Gendered perspectives vital for climate finance that supports development goals
As dust settles on negotiations at COP28, development researchers and climate activists continue to drive the need for real solutions. Shortly before COP, Leia Achampong, spoke at our webinar on development and climate finance on how the climate crisis is indebting women and how a lack of access to gender-responsive climate finance is exacerbating inequalities. Below, we highlight some of the key points Leia made to demonstrate how the current models of development and climate finance are impacting communities and particularly women.
You can watch the whole webinar here.
Access to finance must be available to all
Climate finance is part of the solution but it needs to be of a high quality. There needs to be greater access to new and additional, debtfree, gender-responsive, climate finance grants.
Middle income countries are not all eligible for ODA. All countries in the global South have access to UNFCCC climate finance, but there needs to be coherent, common rules of access across bilateral and multilateral climate finance contributors.
Gendered data is critical
To ensure climate finance has synergies with development goals, tag data on gender responsiveness of climate-related ODA and UNFCCC climate finance. This makes it easier to aggregate levels and determine best strengths. There is a lot of data that is missing.
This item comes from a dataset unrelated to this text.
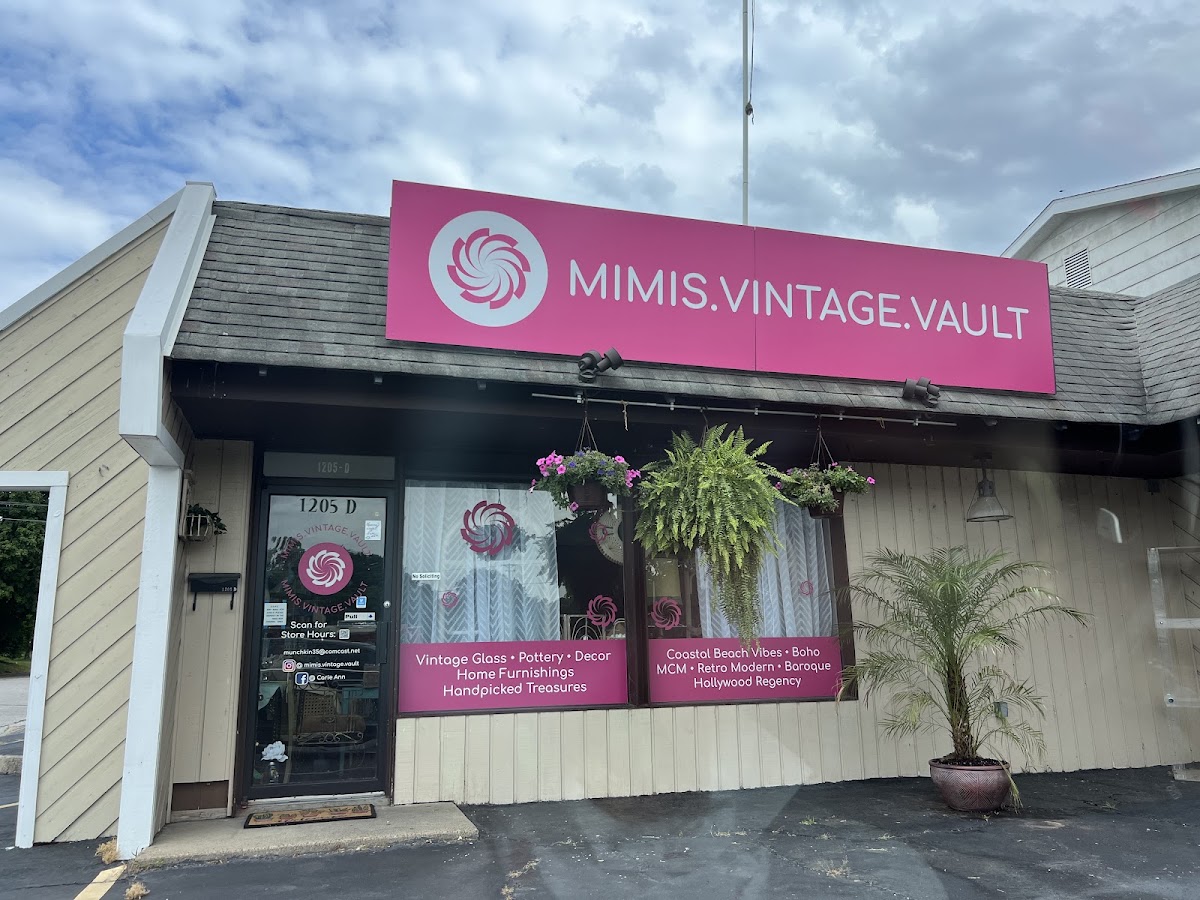 Mimi’s Vintage Vault in Henderson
Climate ministries in the global North must speak to their counterparts in development ministries to put structures in place to tag and report on data on gender responsiveness on climate finance. Development ministries in the global north have these systems in place because they are tagging data and information on ODA at far higher levels.
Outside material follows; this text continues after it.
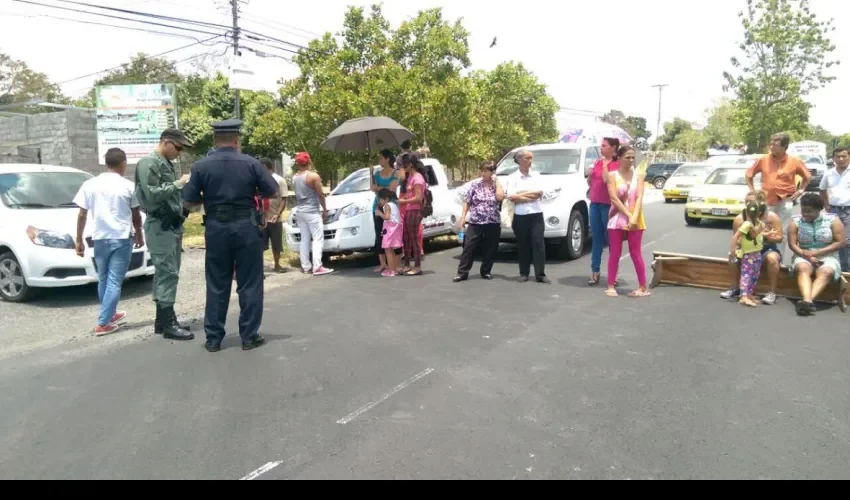 Protesta en Boquerón por falta de agua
We must not replicate ineffective trends in development finance
It’s important not to replicate systems in development finance that have shown to be ineffective at achieving progress towards the SDGs e.g. blended finance, Private Public Partnerships.
These systems have been shown to increase indebtedness in the global South. At times they are more expensive than highly concessional finance. This has implications on the effectiveness of climate finance within a community.
With such high financing needs, a lot of countries seek finance from international finance institutions such as the World Bank, which has a history of using policy conditionalities. This is being replicated within climate finance spheres such as climate goals integrated into World Bank development policy lending (which uses policy conditionalities or green policy conditionality).
The policies this leads to are gendered, for example austerity leads to public service cuts to services which are typically used by women.
Find out more about gender and climate finance
You can read more about the need for greater access to climate finance and more engagement of women in decision-making in Leia’s recent paper for UN Women: ‘Accelerating the achievement of gender equality and the empowerment of all women and girls by addressing poverty and strengthening institutions and financing with a gender perspective’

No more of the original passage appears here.